The row spaces there, those are rows of the matrix, independent rows of the matrix. That's why I don't put in all the rows. There are m rows. But I only put in independent ones. So that might be a smaller number r, r the rank.

And here are the solutions, the guys perpendicular to them. This is the rows of the matrix. These are the vectors perpendicular to it. These are the columns of the matrix. These are the vectors perpendicular to the columns. You see it's just a natural splitting of the whole spaces of vectors into two pieces and two pieces.

And I think of the matrix A, when it multiplies stuff there, it gives stuff here. When A multiplies a vector x, you get a combination of the columns. That with the very, very first slide. A times x is a combination of the columns.
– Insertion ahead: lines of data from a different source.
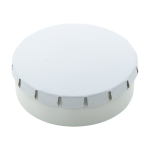 Krabička s mintovými bonbony ClickToo bílá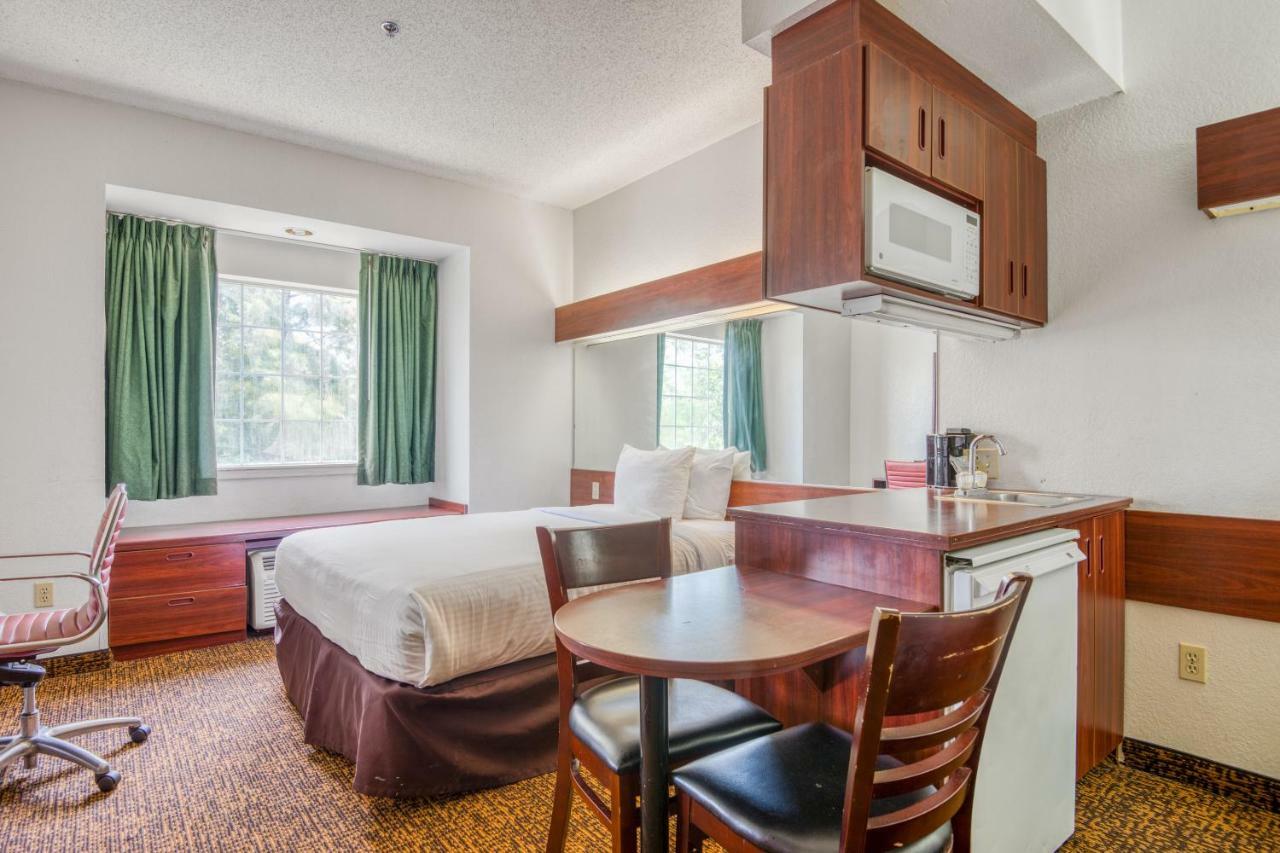 Trident Inn & Suites, Baton Rouge (Adults Only) Prairieville Εξωτερικό φωτογραφία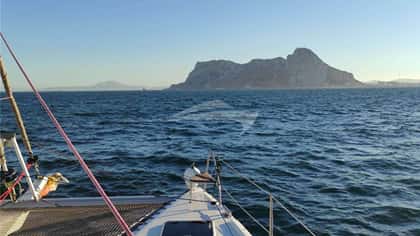 MAHANA 13m sailing yacht charter, photo 12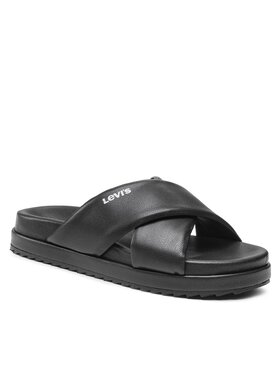 Levi's® Levi's® Mules / sandales de bain 235206-794-559 Noir
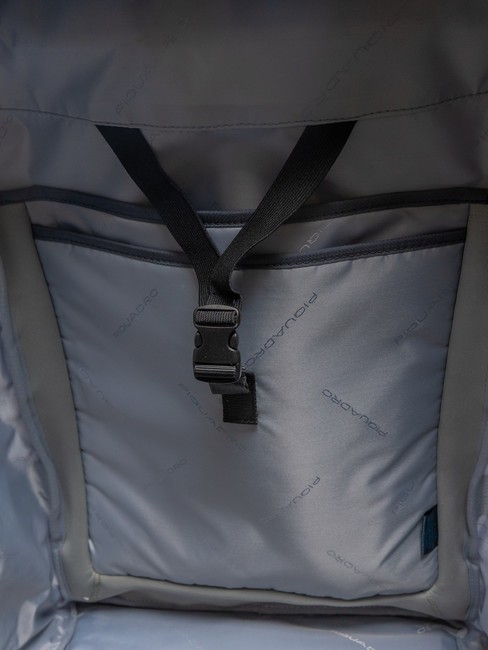 ARNE Mochila/bolsa para PC 17,3" azul - Mochilas para port&aacute;til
And then we look at some x's, if there are any, where A times x gives 0. And there's 0 right there. OK. OK, so that's the big picture.

And I'll just point to another little point that's hiding in this picture. You see that little symbol there, that little thing, and it's also here? What that means is that those guys are perpendicular to these. And these are perpendicular to these.
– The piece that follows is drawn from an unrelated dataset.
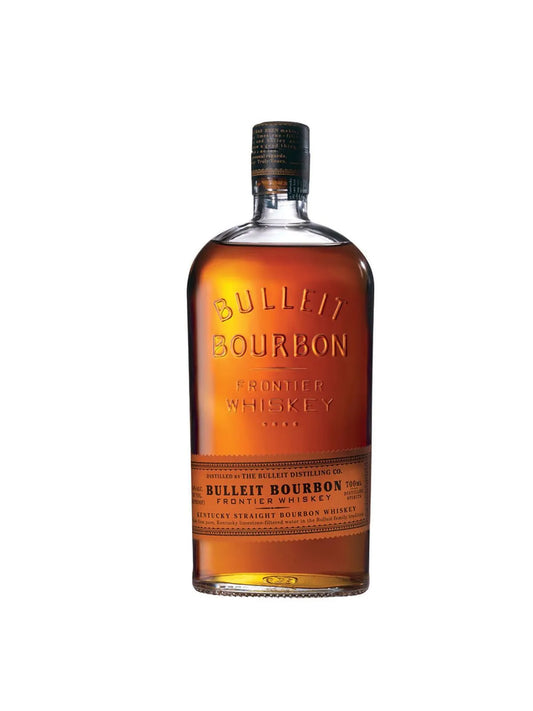 Whisky Bulleit Bourbon 750 ml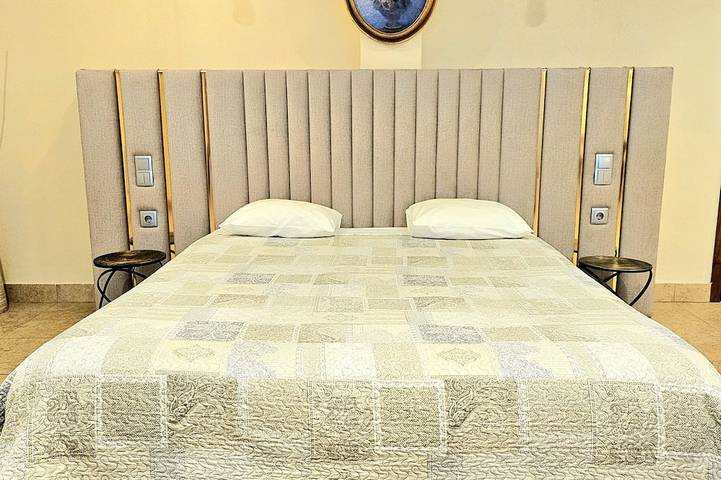 Appartement de vacances pour 4 personnes, avec terrasse et piscine - 1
So we have four subspaces, two pairs, two perpendicular pairs. And that's when you get the idea of knowing what they mean, knowing how to find them, at least for a small matrix, you've got the heart of linear algebra part one. This is the first half of linear algebra.

OK, I'll just see what else there is. Oh, here, oh, well, this is another comment. I've hardly told you how to multiply two matrices. The usual way is rows times columns.
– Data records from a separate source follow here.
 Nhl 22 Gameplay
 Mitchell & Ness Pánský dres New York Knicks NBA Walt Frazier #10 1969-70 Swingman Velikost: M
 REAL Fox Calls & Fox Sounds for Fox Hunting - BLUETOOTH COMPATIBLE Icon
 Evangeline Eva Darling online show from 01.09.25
But linear algebra being always interesting, there's another way that I happen to like, columns times rows. Now, there is a column times a row. Now, column times a row, we've seen that once for that rank one matrix.

Do you remember I said that those rank one matrix, one column times is one row are the building blocks? Well, here is the building. Those are n of those blocks. A column times a row, a column times a row. And here is a reminder of the-- oh, we've only-- oh, we're coming up to A equal LU, the first one. Get on with it, Professor Strang. OK.

OK, now we're solving equations. Now we're going to get L times U. So right. So there's two equations and two unknowns solved in high school and how. Do you remember how? That's the whole point.

If I take twice that equation, so it's 4x plus 6y equal 14, and subtract from this one, then I get an easy equation for only y by itself. So that's what I did. That's called elimination. I eliminated this 4x. It's gone.

It's 2 times that. That's why I chose to multiply it by 2. Then 2 times this gives me 4 x's. When I subtract it, it's gone and I'm left with 1y equal 1. So I know the answer y equal 1. And then I go backwards to x equal 2 because 2x plus, this is now, 3 equals 7. 2x is 4. x is 2.

And the real point about linear algebra done right is that all those steps can be expressed as a break up, another way to break up the matrix A into a lower triangular matrix. You see that that matrix is triangular. It's lower triangular. And this one is upper triangular. So those are called L and U. Yeah, yeah.

So what we did here is expressed by that matrix multiplication. You really want to express everything, in the end, as multiplying a couple of matrices. Then you know exactly where you are. So that's the idea of elimination.

And now, we only were doing a 2 by 2 matrix. You remember our little matrix was pathetic, 2, 3, 4, 7. That was our matrix A. We can't stop there. So linear algebra goes on to matrix of any size.

And this is the way to find the triangular factor L and the upper triangular factor U. That would need more time. So all I want to say is, when you're doing elimination solving equations, then in the back of your mind or in the back page, you are producing an L matrix lower and a U matrix upper. So yeah.

Let me see. Yeah, here we see them. The L matrix is all 0s above. The U matrix is all 0s below. And that's what is really happening. So that's what computer system totally focuses on. OK, that's the first slide of a new part. So I'll stop here and coming back to orthogonal vectors. Good.